"Yes, yes, I s'pose so," admitted Susan worriedly. "But, lan' sakes, look at us! What are we goin' to say? Now he wants to know why we hain't told him about knowin' you."
"I don't know, Susan, I don't know." The girl shook her head and caught her breath a bit convulsively. "Of course, when I first let it go that I was 'Miss Stewart,' I never realized where it was going to lead, nor how—how hard it might be to keep it up. I've been expecting every day he'd find out, from some one there. But he hasn't—yet. Of course, Aunt Hattie, who keeps house for father, is in the secret, and SHE'D never give it away. Most of the patients don't know much about me, anyway.
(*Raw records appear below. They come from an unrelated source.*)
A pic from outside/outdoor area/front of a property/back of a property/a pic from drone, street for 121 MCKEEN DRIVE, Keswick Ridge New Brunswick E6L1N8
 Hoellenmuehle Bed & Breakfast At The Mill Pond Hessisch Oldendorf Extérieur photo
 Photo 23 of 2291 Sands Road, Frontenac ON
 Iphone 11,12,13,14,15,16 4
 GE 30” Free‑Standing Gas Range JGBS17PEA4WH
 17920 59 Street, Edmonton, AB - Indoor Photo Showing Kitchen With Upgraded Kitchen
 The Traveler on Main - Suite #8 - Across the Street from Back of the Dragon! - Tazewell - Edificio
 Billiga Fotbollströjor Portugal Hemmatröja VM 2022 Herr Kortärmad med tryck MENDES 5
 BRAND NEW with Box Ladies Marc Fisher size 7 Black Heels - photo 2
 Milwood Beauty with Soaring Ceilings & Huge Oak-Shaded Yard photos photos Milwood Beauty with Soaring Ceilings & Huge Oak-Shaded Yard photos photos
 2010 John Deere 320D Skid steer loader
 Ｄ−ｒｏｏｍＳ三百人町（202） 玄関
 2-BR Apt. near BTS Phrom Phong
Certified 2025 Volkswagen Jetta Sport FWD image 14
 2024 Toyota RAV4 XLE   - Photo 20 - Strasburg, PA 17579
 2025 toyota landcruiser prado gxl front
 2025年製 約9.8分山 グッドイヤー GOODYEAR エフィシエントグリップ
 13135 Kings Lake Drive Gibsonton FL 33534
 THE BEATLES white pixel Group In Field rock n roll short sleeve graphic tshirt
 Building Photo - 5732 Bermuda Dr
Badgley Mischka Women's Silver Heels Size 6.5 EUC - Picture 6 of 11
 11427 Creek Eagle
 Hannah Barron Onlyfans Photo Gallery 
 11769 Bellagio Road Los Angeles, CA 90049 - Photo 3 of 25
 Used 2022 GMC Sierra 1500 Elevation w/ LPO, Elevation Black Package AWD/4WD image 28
You see, I've never been there much. They just know vaguely of 'the doctor's daughter,' and they just naturally call her 'Miss Stewart.'"
"Yes, yes, I see, I see," nodded Susan, again still worriedly. "But what I'm thinkin' of is US, Miss Dorothy. How are we goin' to get 'round not mentionin' you all this time, without his findin' out who you be an' demandin' a full exposition of the whole affair. Say, look a-here, would it be—be very bad if he DID find out you was Dorothy Parkman?"
"I'm afraid—it would be, Susan." The girl spoke slowly, a bit unsteadily. She had gone a little white at the question.
"Has he SAID anything?"
"Nothing, only he— When we were talking that day, and he was flinging out those questions one after another, about Hinsdale, and what I knew of it, he—he asked if I knew Dorothy Parkman."
"Miss Dorothy, he didn't!"
"But he did. It was awful, Susan. I felt like—like—"
"Of course you did," interposed Susan, her face all sympathy, "a-sailin' under false premises like that, an' when you were perfectly innocuous, too, of any sinfulness, an' was jest doing it for his best good an' peace of mind. Lan' sakes, what a prediction to be in! What DID you say?"
"Why, I said yes, of course. I had to say yes. And I tried to turn it off right away, and not talk any more about it. But that was easy, anyway, for—for Mr. Keith himself dropped it. But I knew, by the way he looked, and said 'yes, I know her, too,' in that quiet, stern way of his, that—that I'd better not let him find out I was she—not if I wanted to—to stay in the room," she finished, laughing a little hysterically.